(Study material begins)

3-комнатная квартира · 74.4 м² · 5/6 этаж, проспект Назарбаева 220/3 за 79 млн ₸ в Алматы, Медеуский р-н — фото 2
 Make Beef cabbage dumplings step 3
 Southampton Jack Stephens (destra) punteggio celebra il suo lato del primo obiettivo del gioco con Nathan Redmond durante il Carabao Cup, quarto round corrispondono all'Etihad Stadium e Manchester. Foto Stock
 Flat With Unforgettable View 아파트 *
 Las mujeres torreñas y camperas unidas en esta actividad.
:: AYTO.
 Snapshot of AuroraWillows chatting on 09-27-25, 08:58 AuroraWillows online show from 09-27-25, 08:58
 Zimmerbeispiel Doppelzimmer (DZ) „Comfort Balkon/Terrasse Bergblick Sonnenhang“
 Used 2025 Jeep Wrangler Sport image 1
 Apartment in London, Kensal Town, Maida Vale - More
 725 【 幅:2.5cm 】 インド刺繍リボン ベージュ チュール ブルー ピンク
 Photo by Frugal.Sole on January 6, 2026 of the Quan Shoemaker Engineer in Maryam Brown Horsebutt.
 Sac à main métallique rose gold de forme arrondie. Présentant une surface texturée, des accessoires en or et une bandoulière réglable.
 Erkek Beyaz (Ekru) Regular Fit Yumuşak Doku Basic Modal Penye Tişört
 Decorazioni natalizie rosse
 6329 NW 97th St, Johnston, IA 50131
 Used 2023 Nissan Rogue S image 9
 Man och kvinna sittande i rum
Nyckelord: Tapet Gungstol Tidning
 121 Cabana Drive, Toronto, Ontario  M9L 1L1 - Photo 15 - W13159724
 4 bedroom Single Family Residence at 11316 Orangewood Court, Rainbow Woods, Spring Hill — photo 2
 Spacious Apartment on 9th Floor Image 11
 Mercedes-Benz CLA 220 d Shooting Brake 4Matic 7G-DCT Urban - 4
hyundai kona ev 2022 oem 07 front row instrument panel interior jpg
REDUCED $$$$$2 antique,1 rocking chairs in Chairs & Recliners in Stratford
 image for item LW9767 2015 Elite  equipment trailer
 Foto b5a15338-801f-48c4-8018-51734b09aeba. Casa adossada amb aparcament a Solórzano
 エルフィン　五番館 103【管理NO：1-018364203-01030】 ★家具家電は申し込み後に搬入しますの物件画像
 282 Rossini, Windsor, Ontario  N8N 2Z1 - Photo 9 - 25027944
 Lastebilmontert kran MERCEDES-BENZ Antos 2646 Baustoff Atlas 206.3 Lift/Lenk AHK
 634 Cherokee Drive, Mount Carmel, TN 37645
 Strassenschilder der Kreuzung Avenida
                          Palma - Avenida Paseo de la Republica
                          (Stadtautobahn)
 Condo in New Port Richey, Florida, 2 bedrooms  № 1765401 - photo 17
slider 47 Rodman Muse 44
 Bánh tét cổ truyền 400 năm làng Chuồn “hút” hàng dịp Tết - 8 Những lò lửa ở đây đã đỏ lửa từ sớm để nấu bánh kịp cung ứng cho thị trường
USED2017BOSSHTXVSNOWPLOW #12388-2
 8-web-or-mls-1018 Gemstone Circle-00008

(Study material ends)

● What you will do
Only the lines from the start of the material through the line containing "282 Rossini, Windsor, Ontario" should be repeated, and they should be repeated exactly.

● Solution for this exercise
3-комнатная квартира · 74.4 м² · 5/6 этаж, проспект Назарбаева 220/3 за 79 млн ₸ в Алматы, Медеуский р-н — фото 2
 Make Beef cabbage dumplings step 3
 Southampton Jack Stephens (destra) punteggio celebra il suo lato del primo obiettivo del gioco con Nathan Redmond durante il Carabao Cup, quarto round corrispondono all'Etihad Stadium e Manchester. Foto Stock
 Flat With Unforgettable View 아파트 *
 Las mujeres torreñas y camperas unidas en esta actividad.
:: AYTO.
 Snapshot of AuroraWillows chatting on 09-27-25, 08:58 AuroraWillows online show from 09-27-25, 08:58
 Zimmerbeispiel Doppelzimmer (DZ) „Comfort Balkon/Terrasse Bergblick Sonnenhang“
 Used 2025 Jeep Wrangler Sport image 1
 Apartment in London, Kensal Town, Maida Vale - More
 725 【 幅:2.5cm 】 インド刺繍リボン ベージュ チュール ブルー ピンク
 Photo by Frugal.Sole on January 6, 2026 of the Quan Shoemaker Engineer in Maryam Brown Horsebutt.
 Sac à main métallique rose gold de forme arrondie. Présentant une surface texturée, des accessoires en or et une bandoulière réglable.
 Erkek Beyaz (Ekru) Regular Fit Yumuşak Doku Basic Modal Penye Tişört
 Decorazioni natalizie rosse
 6329 NW 97th St, Johnston, IA 50131
 Used 2023 Nissan Rogue S image 9
 Man och kvinna sittande i rum
Nyckelord: Tapet Gungstol Tidning
 121 Cabana Drive, Toronto, Ontario  M9L 1L1 - Photo 15 - W13159724
 4 bedroom Single Family Residence at 11316 Orangewood Court, Rainbow Woods, Spring Hill — photo 2
 Spacious Apartment on 9th Floor Image 11
 Mercedes-Benz CLA 220 d Shooting Brake 4Matic 7G-DCT Urban - 4
hyundai kona ev 2022 oem 07 front row instrument panel interior jpg
REDUCED $$$$$2 antique,1 rocking chairs in Chairs & Recliners in Stratford
 image for item LW9767 2015 Elite  equipment trailer
 Foto b5a15338-801f-48c4-8018-51734b09aeba. Casa adossada amb aparcament a Solórzano
 エルフィン　五番館 103【管理NO：1-018364203-01030】 ★家具家電は申し込み後に搬入しますの物件画像
 282 Rossini, Windsor, Ontario  N8N 2Z1 - Photo 9 - 25027944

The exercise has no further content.